ISHR, together with more than 100 NGOs from around the world, wrote to States in early 2021, warning that the Egyptian government is attempting to “annihilate” human rights organisations and eradicate the human rights movement in the country through sustained, widespread, and systematic attacks.
The organisations had asked States to adopt a resolution establishing a monitoring and reporting mechanism on Egypt. The joint State declaration delivered today is a significant step and should be followed up on by concrete action toward achieving this goal.
The last joint statement on the human rights situation in Egypt at the HRC was delivered by Iceland and co-signed by 26 countries in March 2014.
Since that time, the human rights situation in Egypt has deteriorated dramatically. The Egyptian authorities, with the complicity of prosecutors and judges, have arrested, detained or prosecuted thousands, including hundreds of human rights defenders, religious minorities’ rights activists, peaceful protesters, journalists, academics, artists, politicians and lawyers.

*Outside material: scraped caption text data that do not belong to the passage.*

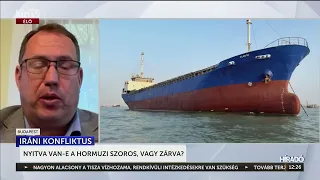 Nyitva van-e a Hormuzi szoros, vagy zárva? - HírTV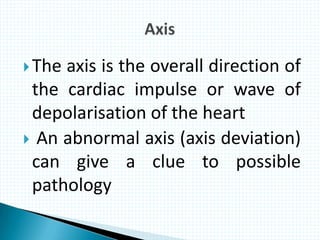 The axis is the overall direction of
the cardiac impulse or wave of
depolarisation of the heart
 An abnormal axis (axis deviation)
can give a clue to possible
pathology
 
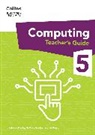 Rebecca Franks, Dr Tracy Gardner, Tracy Gardner, Liz Smart - International Primary Computing Teacher's Guide: Stage 5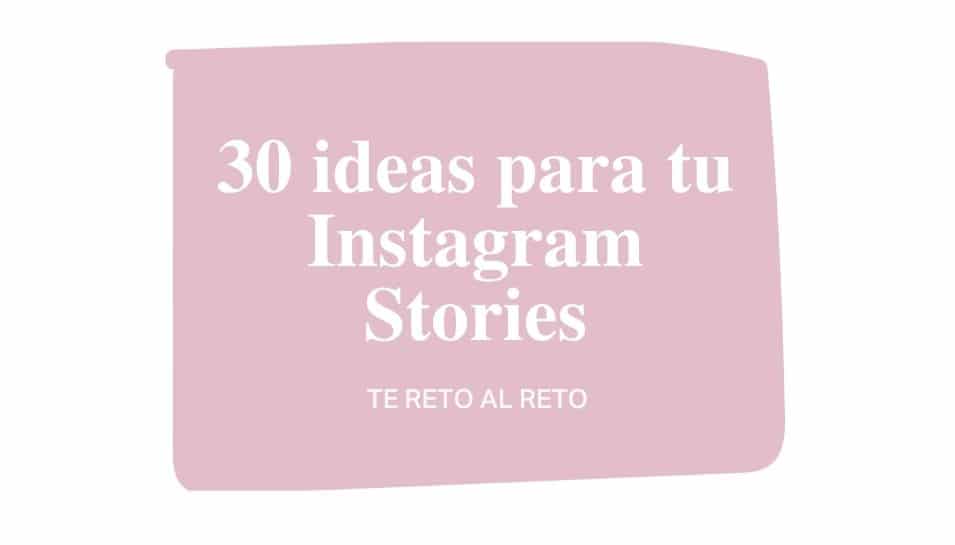 RETO INSTAGRAM: 30 ideas para tus Instagram Stories #melodijoconstories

Many have been forcibly disappeared, tortured or otherwise ill-treated, and detained for months or years in inhumane conditions without trial. Those detained are regularly held on the basis of unfounded terrorism-related charges. If referred to trial individuals are often convicted in grossly unfair proceedings before military courts and through mass trials. Many have been sentenced to death and executed after unfair trials that have relied on statements likely obtained through torture. The authorities have also used morality and debauchery laws to arrest and detain women influencers, sexual violence survivors and witnesses, and LGBTI individuals and activists.
The UN Committee against Torture said in 2017 following an inquiry on Egypt that the facts gathered by the committee “lead to the inescapable conclusion that torture is a systematic practice in Egypt.” ISHR also recalls that Egypt has refused to acknowledge the practice of torture and ill-treatment in detention centres, and has not yet published the measures taken to implement the recommendations by the UN Committee against Torture’s confidential inquiry.

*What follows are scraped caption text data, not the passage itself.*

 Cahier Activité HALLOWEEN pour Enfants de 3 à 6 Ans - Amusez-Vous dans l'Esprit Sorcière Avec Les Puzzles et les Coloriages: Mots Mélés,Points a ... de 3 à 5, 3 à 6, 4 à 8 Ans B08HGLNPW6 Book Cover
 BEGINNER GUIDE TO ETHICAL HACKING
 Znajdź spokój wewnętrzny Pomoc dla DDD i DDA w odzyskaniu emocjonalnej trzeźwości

*States who signed the joint statement: Finland, Australia, Austria, Belgium, Bosnia and Herzegovina, Bulgaria, Canada, Costa Rica, Czech Republic, Denmark, Estonia, France, Germany, Iceland, Ireland, Italy, Latvia, Liechtenstein, Lithuania, Luxembourg, Marshall Islands, Montenegro, the Netherlands, New Zealand, North Macedonia, Norway, Slovenia, Spain, Sweden, Switzerland, the United Kingdom, the United States of America
Other governments can join the declaration until two weeks after the end of the current HRC session.
**NGO signatories: Amnesty International, The Cairo Institute for Human Rights Studies (CIHRS), DIGNITY – Danish Institute Against Torture, EuroMed Rights, The Freedom Initiative, Human Rights Watch (HRW), International Federation for Human Rights (FIDH), The International Commission of Jurists (ICJ), The Project on Middle East Democracy (POMED).
 Read here an updated analysis of why the human rights situation in Egypt merits the Council’s attention. ISHR recalls that the government’s refusal to address key concerns raised by States in its response to the UPR in March 2020 demonstrated its lack of political will to address its deep challenges and to engage constructively with the Council.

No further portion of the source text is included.